Exercise brief:
With the line containing "Table Tennis Racket" as the final line, restate exactly every line of the data below from the first one onward, and copy no pictures.

Source data:
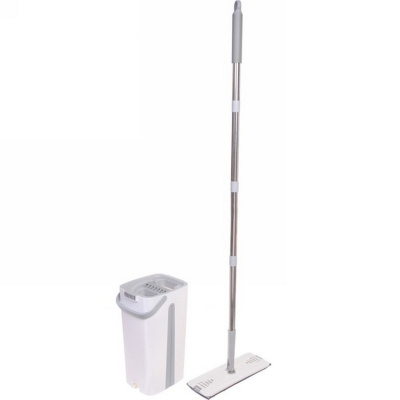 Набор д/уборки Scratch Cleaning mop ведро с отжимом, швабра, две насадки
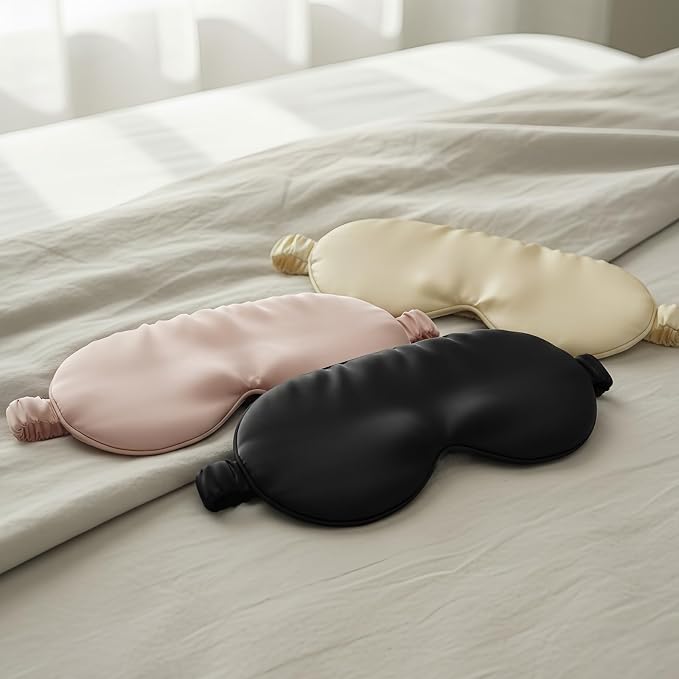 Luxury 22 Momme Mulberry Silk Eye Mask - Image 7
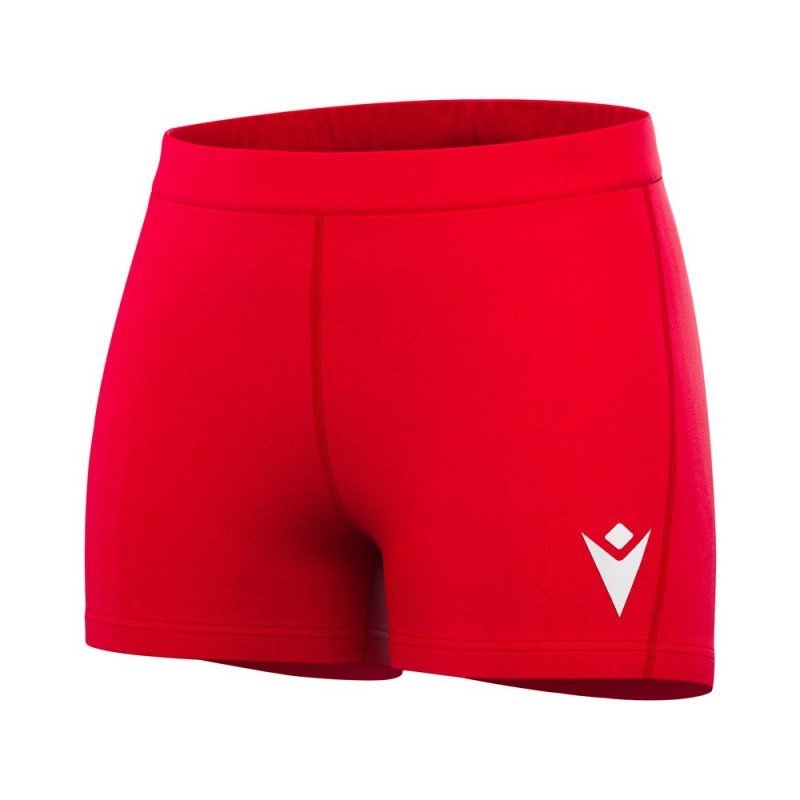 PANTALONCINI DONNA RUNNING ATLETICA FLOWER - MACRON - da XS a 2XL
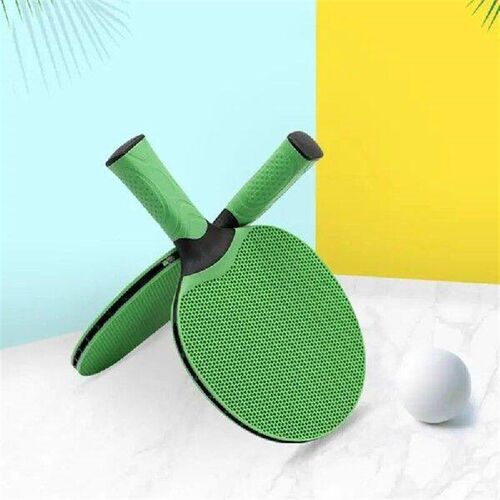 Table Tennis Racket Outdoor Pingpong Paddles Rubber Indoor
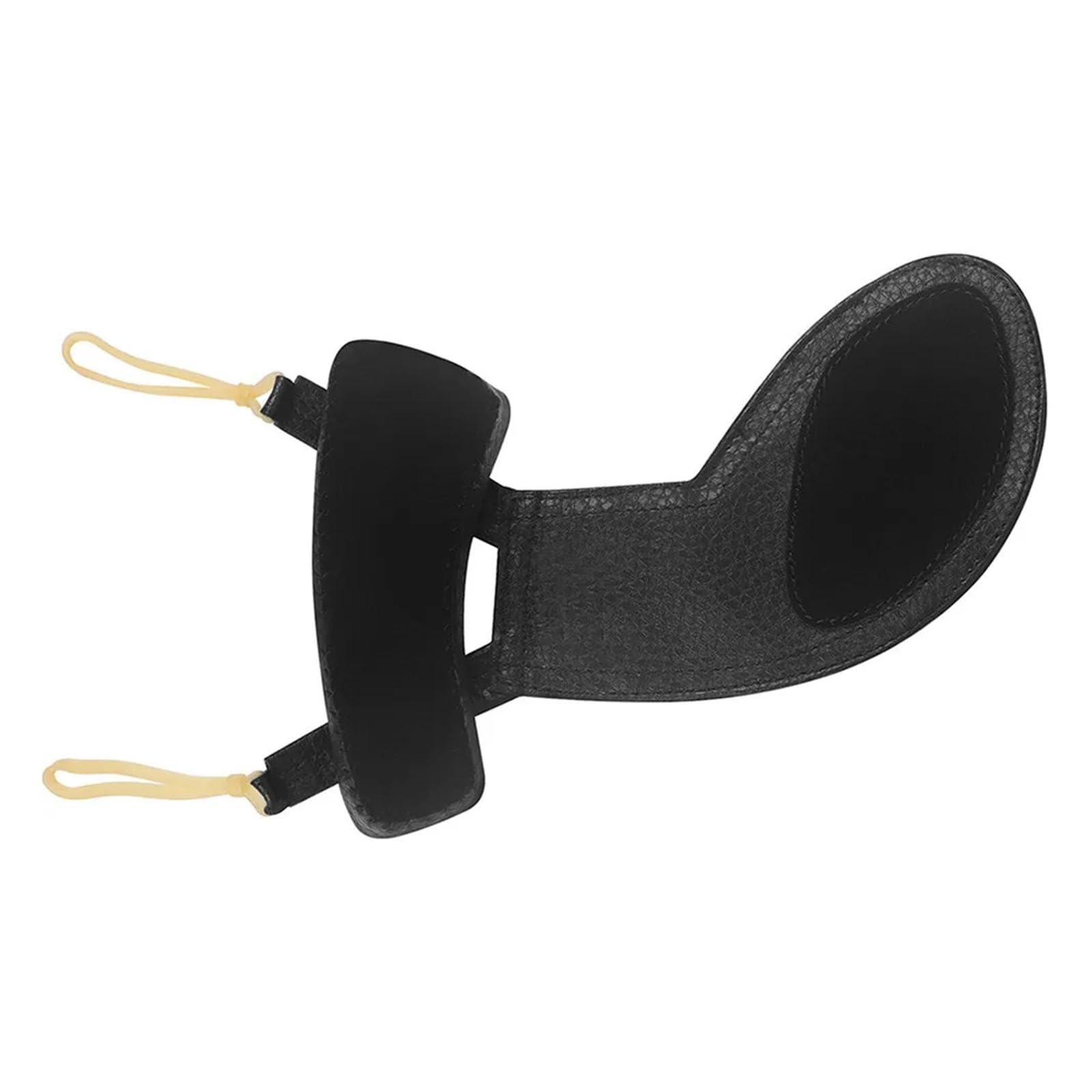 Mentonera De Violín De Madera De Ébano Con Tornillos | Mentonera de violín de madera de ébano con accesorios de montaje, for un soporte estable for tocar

Expected output:
 Набор д/уборки Scratch Cleaning mop ведро с отжимом, швабра, две насадки
 Luxury 22 Momme Mulberry Silk Eye Mask - Image 7
 PANTALONCINI DONNA RUNNING ATLETICA FLOWER - MACRON - da XS a 2XL
 Table Tennis Racket Outdoor Pingpong Paddles Rubber Indoor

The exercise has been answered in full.